It's heaven for MAMILs and it can't be faulted. Sorry, Melbourne, but Adelaide is home to an event that's damn near perfect, writes Simon Morris.
Africa may be thousands of kilometres to the west, but once a year South Australia is just a vowel and a consonant away from the Serengeti.
The vast hordes of Middle Aged Men in Lycra (MAMILs) who swarm through its valleys are a mammalian migration as spectacular as the wildebeest who pour over the grasslands under the hungry eyes of hilltop lions.
South Australia's hills are for growing grapes rather than predatory stalking, but each January they are witness to a display of snorting nostrils, terror-wide eyes and thumping hearts to rival anything you can see on the African plain.

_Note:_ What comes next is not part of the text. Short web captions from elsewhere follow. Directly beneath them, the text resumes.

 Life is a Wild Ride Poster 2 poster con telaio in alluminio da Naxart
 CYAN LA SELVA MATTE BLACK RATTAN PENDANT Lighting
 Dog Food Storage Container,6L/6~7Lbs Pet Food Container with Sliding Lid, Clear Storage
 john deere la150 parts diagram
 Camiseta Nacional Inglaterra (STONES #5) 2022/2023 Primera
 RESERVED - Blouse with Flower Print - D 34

As you can see from my video below, it's not just MAMILs who get to ride a stage of the Tour Down Under, but their numbers can't fail to impress.
You can spot the gathering begin at almost any Australian airport in the week of the Tour as queues of men pushing large rectangular bike boxes form at oversize baggage.
If this begins to sound like something only for hardcore cyclists let me say right away that having experienced it, it seems almost like the perfect event, for reasons I hope I can make clear.
Vanity stops me wearing lycra, and I've never previously followed cycling as a sport, but as a middle-aged man with bicycle, it wasn't hard to blend in.
On day four of the Tour I found myself among a mass of tomato-red jerseys at Tanunda, in the heart of the Barossa, as 700 of us lined up for the community ride.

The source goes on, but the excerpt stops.